The Jazz wound up quarantining for about a day and a half, all told.
Even for the well-adjusted and well-prepared, that amount of time was a little difficult.
“Obviously, staying in your room for 36 hours is not the best thing to do,” center Rudy Gobert said.
He said that he spent his time either playing “Call of Duty,” reading, or sleeping.
“I’m glad that now we can see the sunlight,” Gobert added.
Conley said most of the players stayed in contact during the quarantine either via video games or through text messages.
Coach Quin Snyder, meanwhile, did not cop to any late-night “Call of Duty” co-ops, claiming instead that the bulk of his isolation was devoted to preparing “very methodically, intentionally.”
Perhaps even a little too much so.
“Having — how many hours? — 36 hours-plus by yourself, you gotta be careful not to overthink too many things, which I may have a tendency to do,” Snyder said with a slight grin.
It’s been a bit of an adjustment for everyone involved.
Given that, Conley said, any complaints out there about the menu or the amenities are simply the byproduct of players trying to get accustomed to their new and drastically different reality.
“Everything’s new, man. They had to try to throw this thing together and get us on the court as safely as possible and the best way possible, so I know they’re doing the best they can,” he said. “Obviously, we can get used to one thing, but food is food at the end of the day, and I think guys are just getting used to it and trying to adjust.
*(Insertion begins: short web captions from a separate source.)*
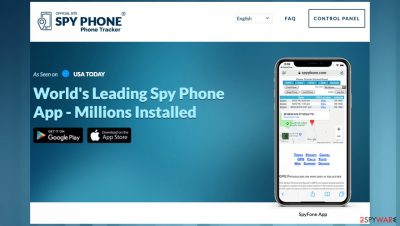 Tracker app exposed having spying features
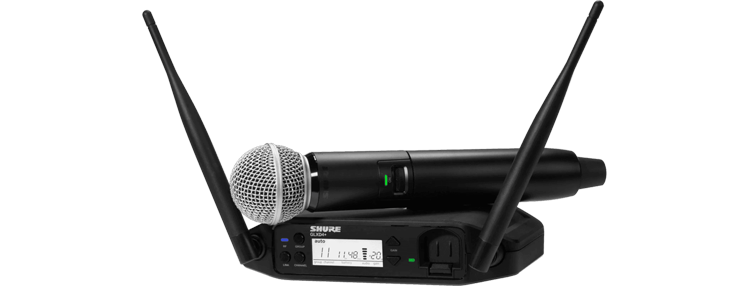 Shure - GLXD24+/SM58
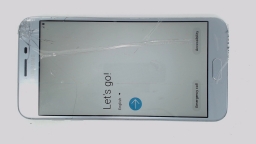 Samsung Galaxy J7 Star SM-J737T Cellphone (Gray 32GB 2GB) T-Mobile CRACKED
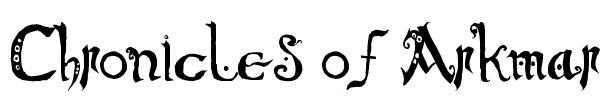 Chronicles of Arkmar Font Image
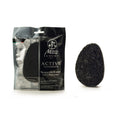 Martini Face & Body Sponge Activated Charcoal Exfoliating Cleanser 1 Piece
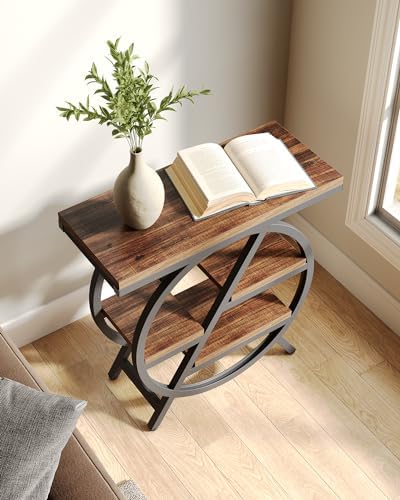 LITTLE TREE End Table, Set of 2 Narrow Side Table - Image 6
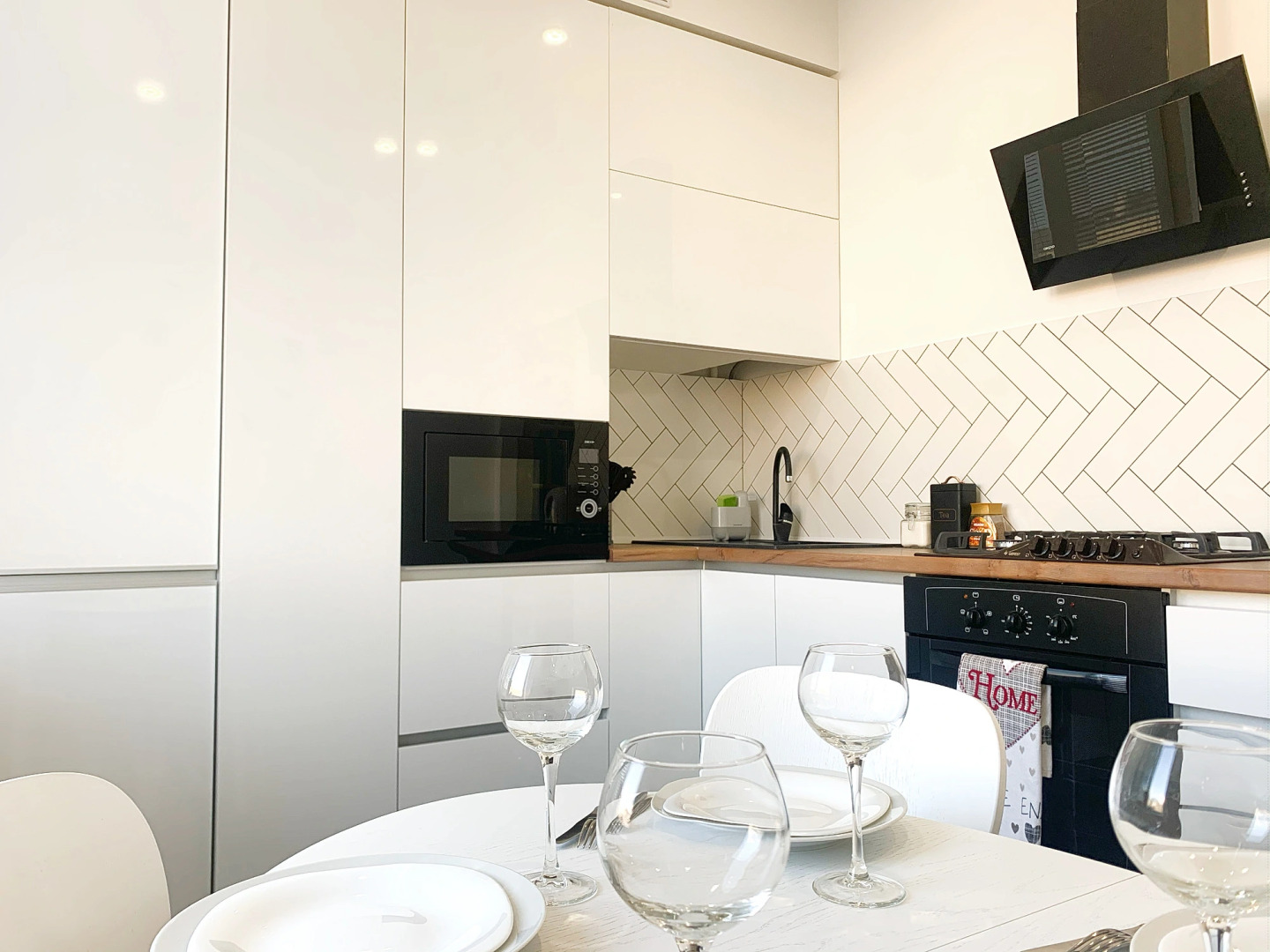 Квартира с видом на Волгу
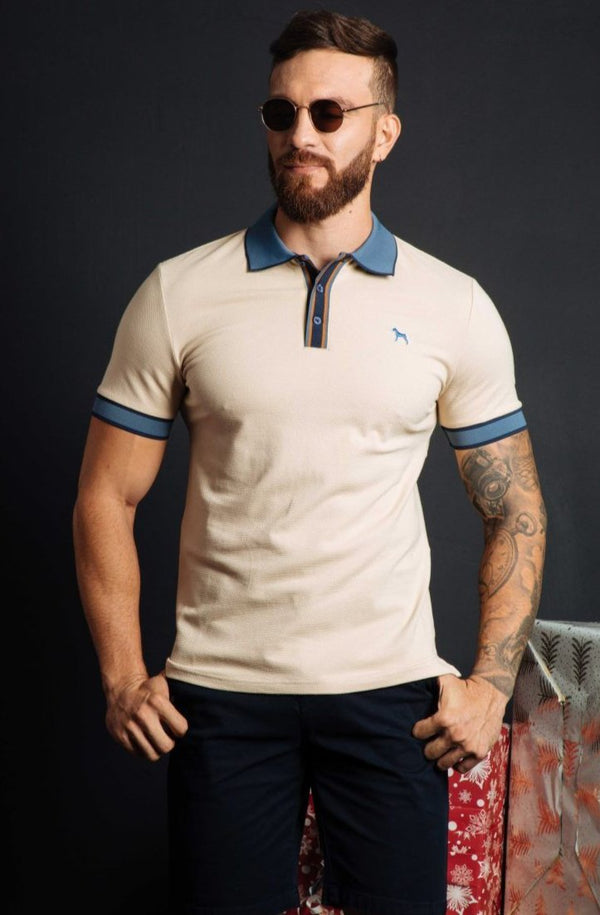 Polo Fashion Khaki (Slim Fit)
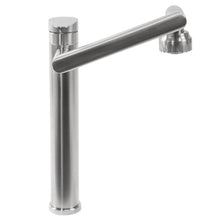 Fürdőszobai csaptelep Rea PACO Nickel Brush INOX High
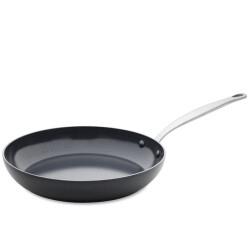 Greenpan Barcelona black keramische koekenpan 32 cm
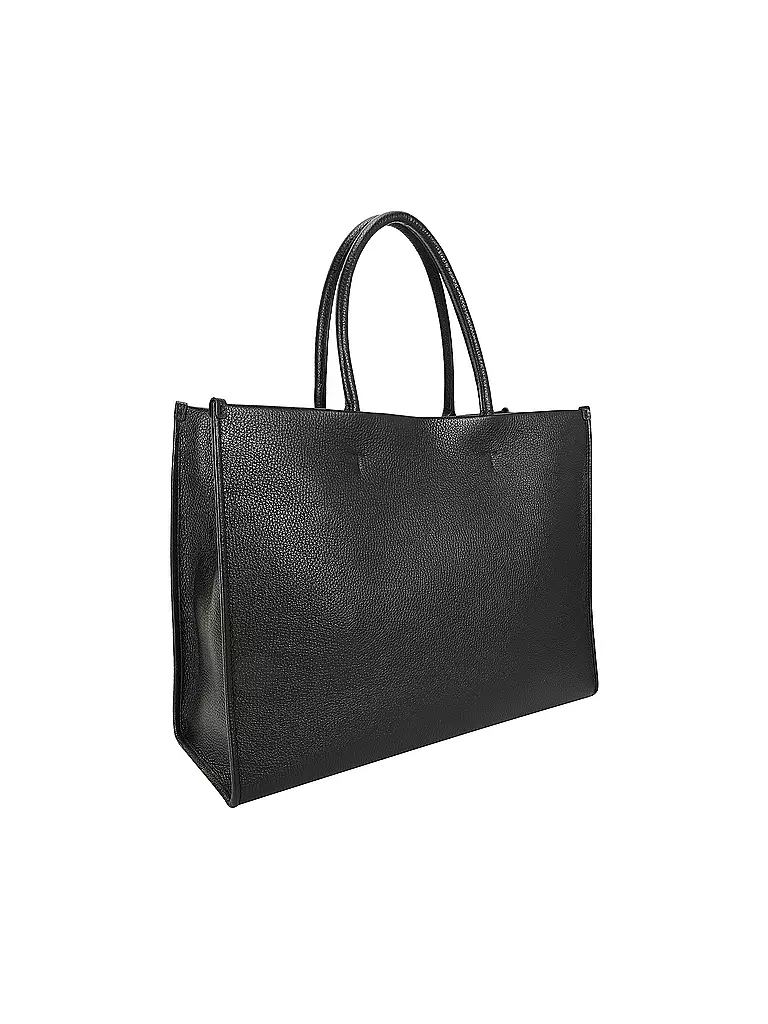 FURLA | Ledertasche - Tote Bag WONDERFURLA Large | schwarz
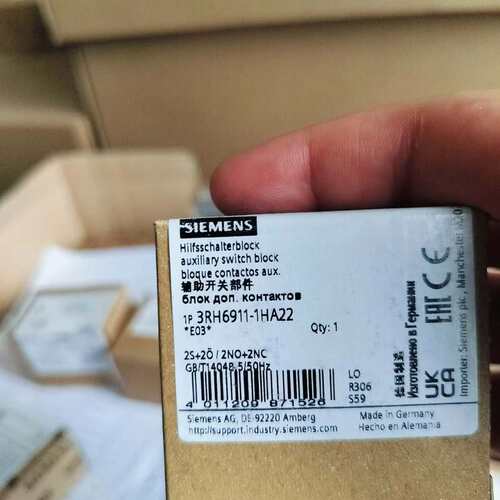 议价3RH6911-1HA22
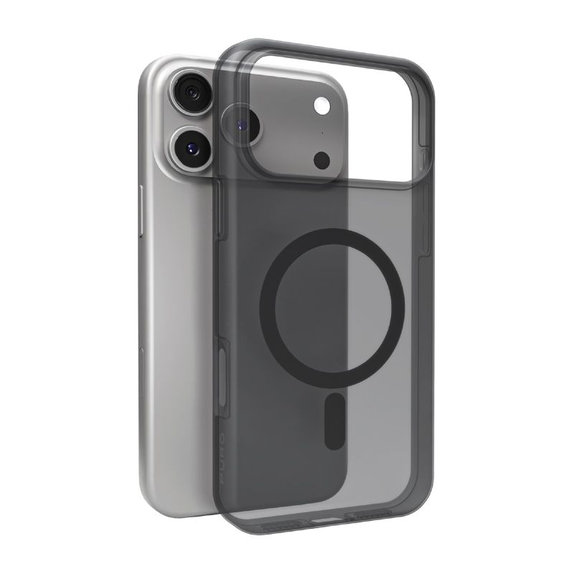 PURO - Pouzdro DAYLIGHT s MagSafe pro iPhone 17 Pro, černá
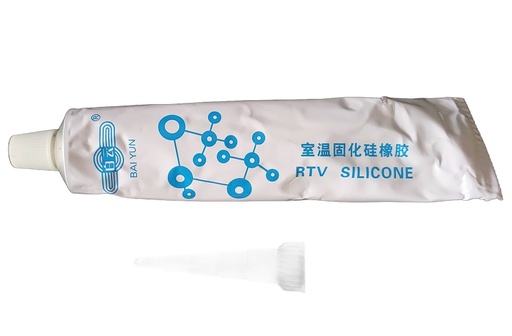 [HOMSILICONE] TUBE DE COLLE SILICONE 130g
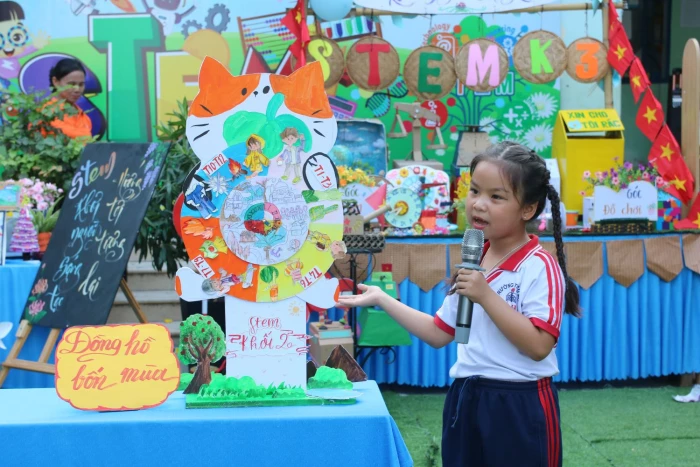 Trường Tiểu học Phủ Hà 2 tổ chức Ngày hội giáo dục STEM năm 2026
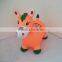Eco-friendly Plastic Inflatable Horse Toys PVC Animal Toys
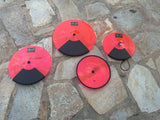 Pintech VisuLite Professional Cymbals Hihats , and Crashes 13,16,18 Dual Zone1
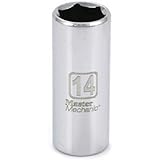 Standard Plumbing Supply 119834 APEX TOOL GROUP-ASIA Master Mechanic 3/8 Drive 6 Point Deep Socket 1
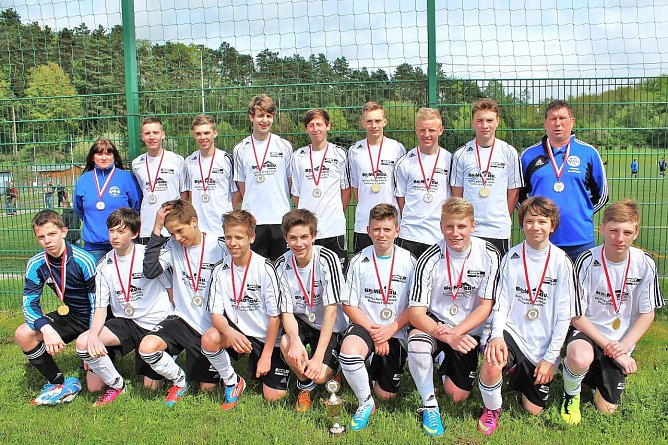 C1 sind Pokalsieger (Foto: K. Trost) C1 sind Pokalsieger (Foto: K. Trost)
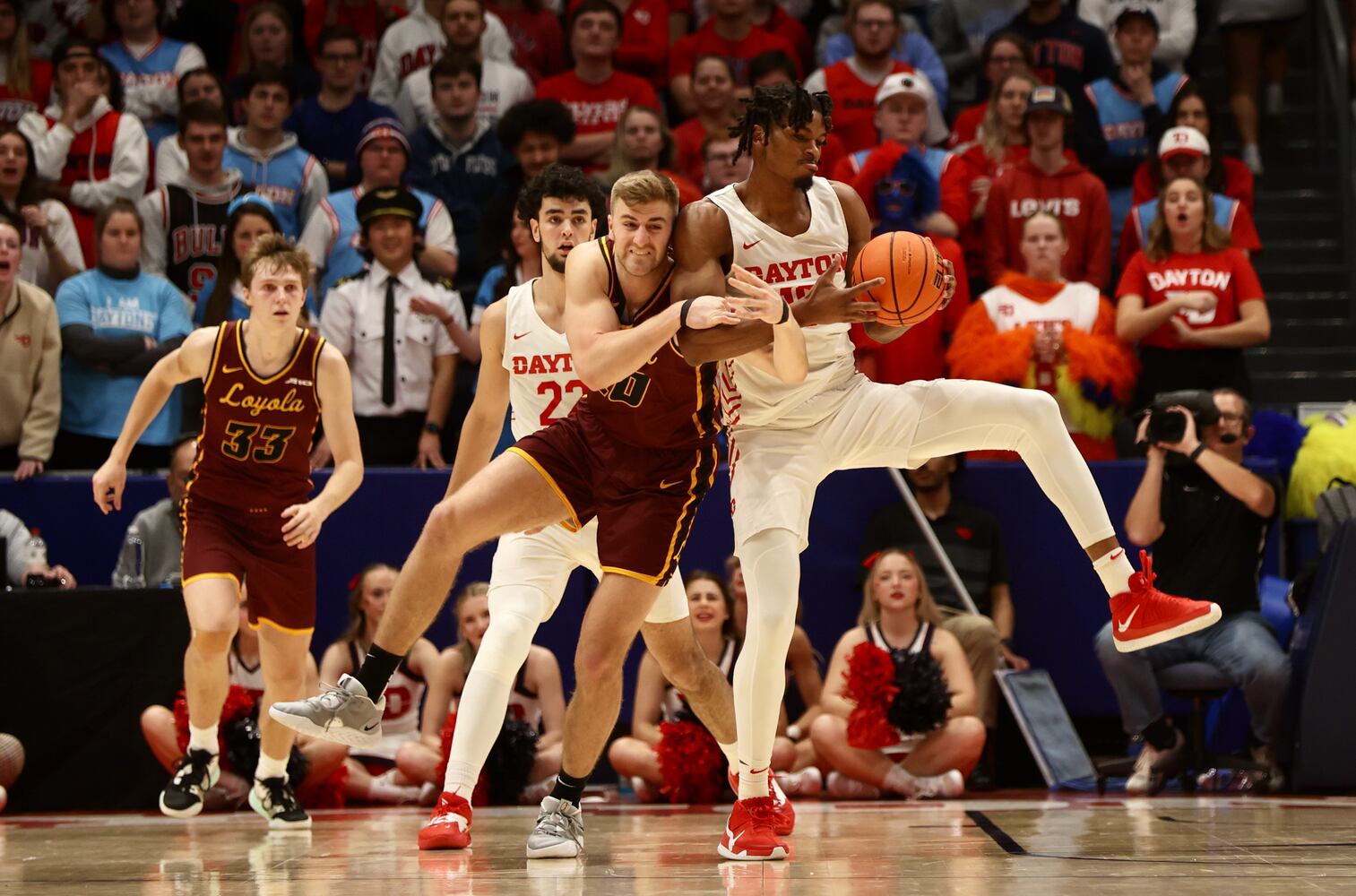 Dayton vs. Loyola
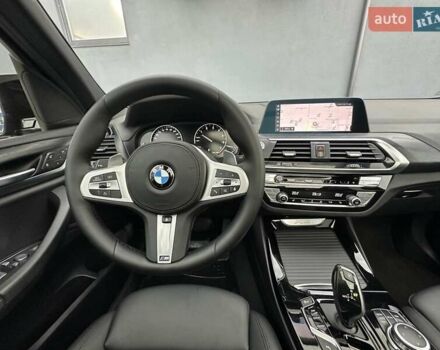 БМВ Х3 2020 у Хмельницькому на Automoto.ua Сірий БМВ Х3, об'ємом двигуна 2 л та пробігом 118 тис. км за 35999 $, фото 11 на Automoto.ua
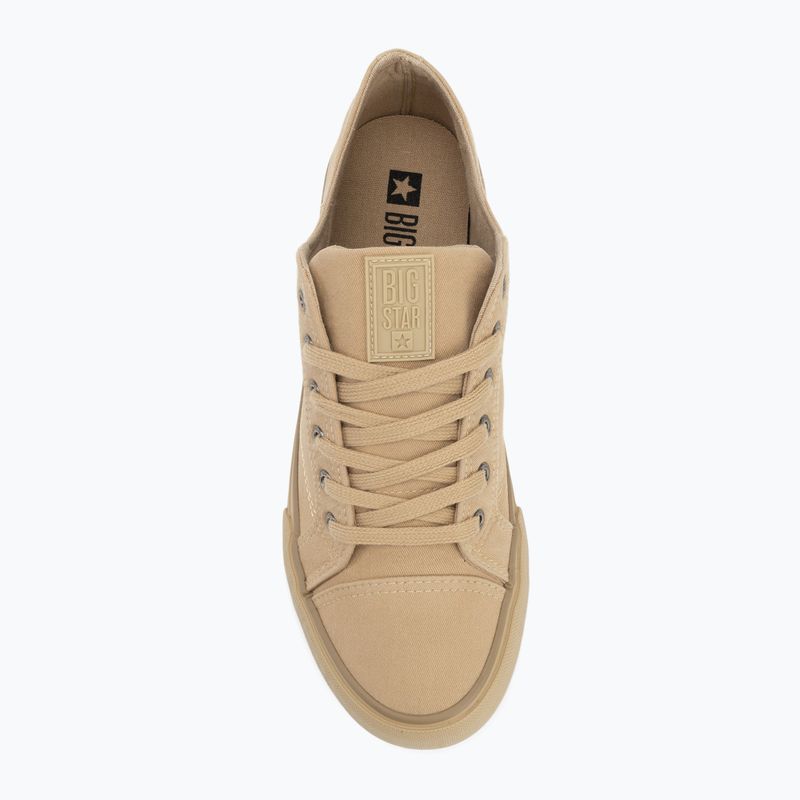 Мъжки кецове BIG STAR RR174337 beige 5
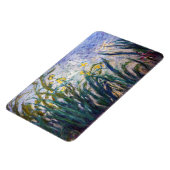 Magnet Flexible Claude Monet - Iris jaunes et violets (Côté Gauche)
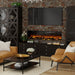 Dimplex Ignite Ultra 74" Built-in Linear Electric Fireplace Dimplex Dreamwood Living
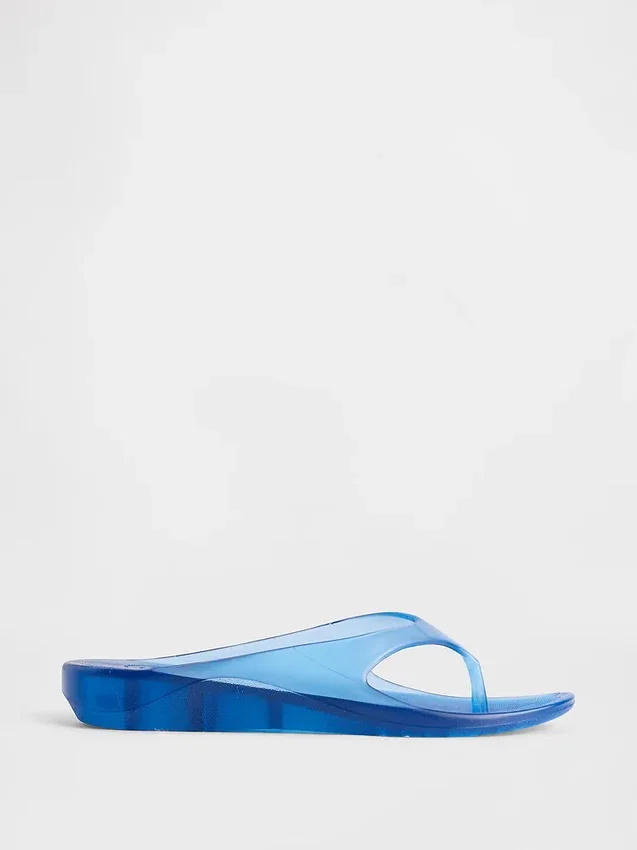 Jelly-teenslippers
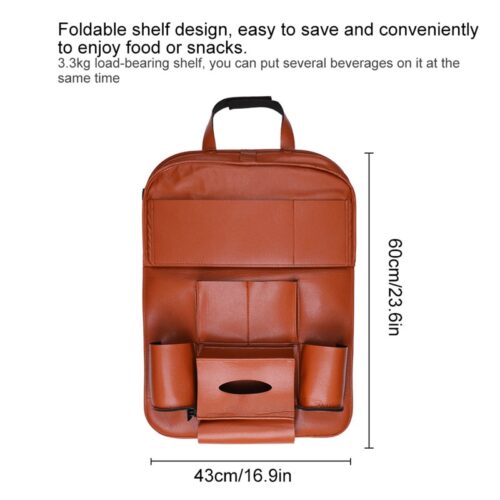 Rear Car Seat Organizer - Image 5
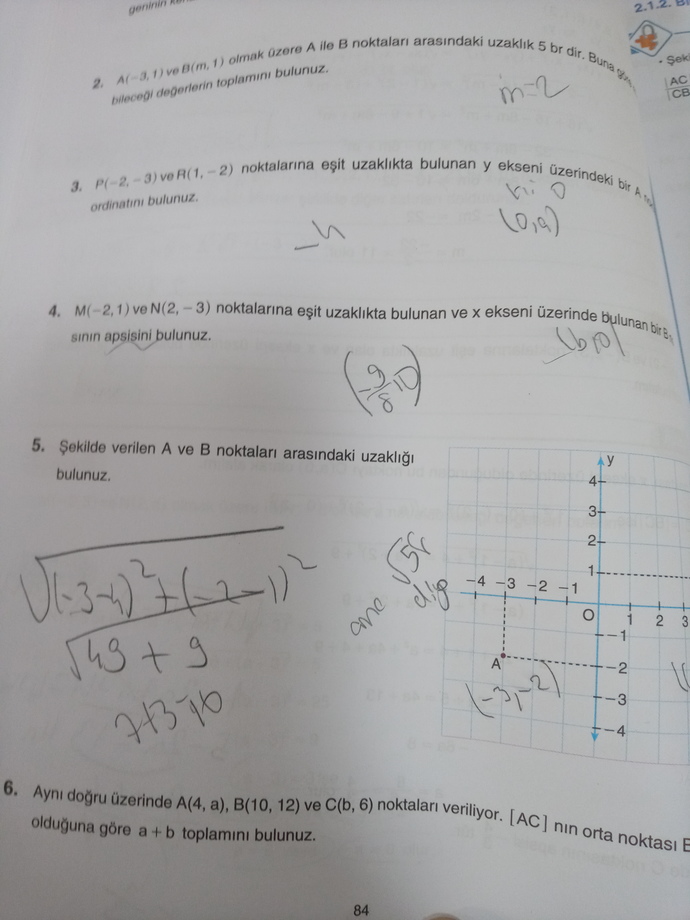 Ya bu sorunun cevabı nasıl kök 58?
I think this whole situation that we’re in right now is just about who’s gonna adjust quickest and not make excuses and go out there and make do with what we got.”
That process of adjusting also took place on the court, as Utah was booked on the “Coronado 1” court between 5-8 p.m. EST on Thursday, and used a little more than two hours of that time. Reserve forward Georges Niang was the only player on the team’s injury report (despite left ankle soreness, he still went through the majority of practice). Everyone else was a full participant.
“It felt great to be back out there. I felt like everyone was really locked in. Everything was very positive and we just went right through it,” Gobert said. “It was a long practice, but coach did a great job of talking to us and making sure we get our good habits back. It’s going to be a process, but I really liked the mindset we had today.”
Conley noted that the first 10-15 minutes of the session saw Snyder allow players to get after it and play physically, just to get right to it after going non-contact pretty much since the league shut down on March 11.
Snyder said that his primary aim for the initial practice was mostly to enable the players to once again “play together and start to get a feel not just for what we do as a team, but for one another — that just takes a little time.”
Beyond that, he was specifically looking to simulate some game-shot scenarios, and also to test the players’ level of conditioning.
“Guys had great energy, guys came back in shape,” Conley said. “Nobody was hands on knees — none of that.”
Whether everyone proves mentally in shape, too — capable of handling the prospect of potentially being inside the bubble for multiple months — remains to be seen.
Asked what thought he’d given to trying to prepare his players for that, Snyder mentioned that getting over the initial acclimation shock, followed by getting players back into working on the social justice causes that dominated their attention on the outside would go a long way.
“There is an appreciation on the part of the players — and, I know, the coaches — but particularly the players, that although this is a sacrifice, there’s opportunities to do some good things,” Snyder said. “I think everybody’s aware of what those sacrifices are that players have made, whether it’s the bubble and whatnot, to do something that I think is bigger than all of us.”